Gnome-shell getting killed with no coredump, artifacting with workaround fix 🤧

Hello everyone :wave:

I’m experiencing an issue where my gnome-shell process is being killed (by the kernel?). No coredump or useful information in either system journal or the wayland user service’s journal. No memory exhaustion or other kernel issues either.

journalctl logs:

Aug 11 23:52:49 suse-pc pipewire[7352]: pw.node: (alsa_output.usb-Topping_DX3_Pro_-00.HiFi__Headphones__sink-54) graph xrun (0 suppressed)
Aug 11 23:52:56 suse-pc nautilus[16304]: Error reading events from display: Broken pipe
Aug 11 23:52:56 suse-pc WebExtensions[12343]: Error reading events from display: Broken pipe
Aug 11 23:52:56 suse-pc transmission-gtk.desktop[16594]: Gdk-Message: 18:22:56.841: Error reading events from display: Broken pipe
Aug 11 23:52:56 suse-pc gnome-shell[11720]: (EE) failed to read Wayland events: Broken pipe
Aug 11 23:52:56 suse-pc tilix[11345]: Error reading events from display: Broken pipe
Aug 11 23:52:56 suse-pc thunderbird-bin[12207]: Error reading events from display: Broken pipe
Aug 11 23:52:56 suse-pc xdg-desktop-por[11216]: Error reading events from display: Broken pipe
Aug 11 23:52:56 suse-pc gsd-media-keys[7041]: Error reading events from display: Broken pipe
Aug 11 23:52:56 suse-pc gsd-color[7026]: Error reading events from display: Broken pipe
Aug 11 23:52:56 suse-pc gsd-keyboard[7037]: Error reading events from display: Broken pipe
Aug 11 23:52:56 suse-pc gsd-power[7046]: Error reading events from display: Broken pipe
Aug 11 23:52:56 suse-pc gsd-wacom[7119]: Error reading events from display: Broken pipe
Aug 11 23:52:56 suse-pc xdg-desktop-por[11254]: Error reading events from display: Broken pipe
Aug 11 23:52:56 suse-pc systemd[6182]: org.gnome.SettingsDaemon.Color.service: Main process exited, code=exited, status=1/FAILURE
Aug 11 23:52:56 suse-pc evolution-alarm[7079]: Error reading events from display: Broken pipe
Aug 11 23:52:56 suse-pc systemd[6182]: org.gnome.SettingsDaemon.Keyboard.service: Main process exited, code=exited, status=1/FAILURE
Aug 11 23:52:56 suse-pc systemd[6182]: org.gnome.Shell@wayland.service: Main process exited, code=killed, status=9/KILL

org.gnome.Shell@wayland.service logs:

Aug 11 23:46:39 suse-pc gnome-shell[6474]: Received error from D-Bus search provider firefox.desktop: Gio.DBusError: GDBus.Error:org.freedesktop.DBus.Error.ServiceUnknown: The name org.mozilla.firefox.SearchProvider was not provided by any .service files
Aug 11 23:52:56 suse-pc gnome-shell[11720]: (EE) failed to read Wayland events: Broken pipe
Aug 11 23:52:56 suse-pc systemd[6182]: org.gnome.Shell@wayland.service: Main process exited, code=killed, status=9/KILL
Aug 11 23:52:57 suse-pc systemd[6182]: org.gnome.Shell@wayland.service: Failed with result 'signal'.
Aug 11 23:52:57 suse-pc systemd[6182]: org.gnome.Shell@wayland.service: Triggering OnFailure= dependencies.
Aug 11 23:52:57 suse-pc systemd[6182]: org.gnome.Shell@wayland.service: Consumed 23min 59.621s CPU time.

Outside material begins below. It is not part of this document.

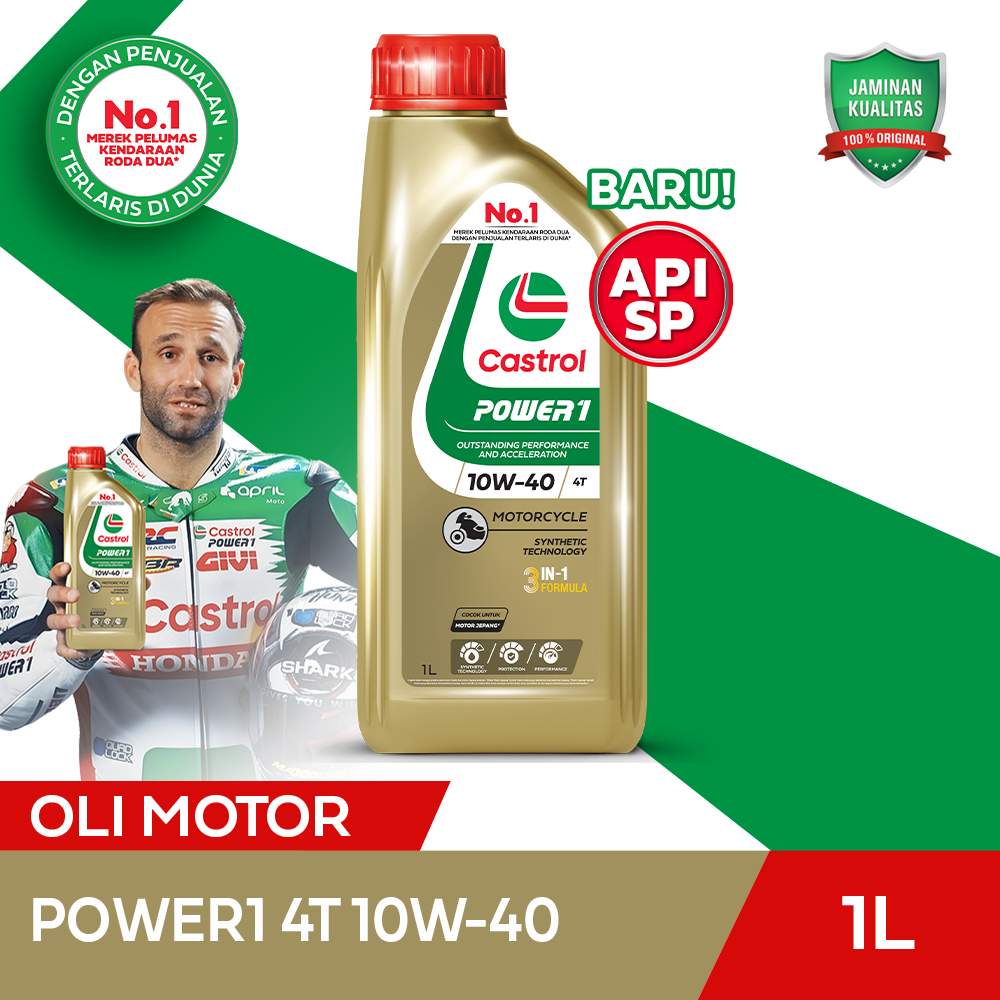Oli Mesin Motor Castrol POWER1 4T 10W-40 (1L) Harga 76,400 rupiah*Gratis Ongkir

The problem started after upgrading to Linux kernel 6.10.3 and gnome-shell version 46.3.1. I’m not entirely sure which caused the issue to surface but I was able to confirm rolling back the update fixed it.

As per this gitlab issue, I have added the environment variable MUTTER_DEBUG_KMS_THREAD_TYPE=user to ~/.config/environment.d/00-gnome_fixes.conf and did the update again. Now gnome-shell does not crash but there is some artifacting in gnome various apps like console, calculator, chrome (with discourse open in a new tab) when I have Youtube videos playing in Chrome or Firefox for example. Appears whenever the GPU is taxed I suppose.

Is there a workaround for the workaround? :pleading_face:

And you’re certain you were not low on memory? SIGKILL is almost always a memory pressure kill.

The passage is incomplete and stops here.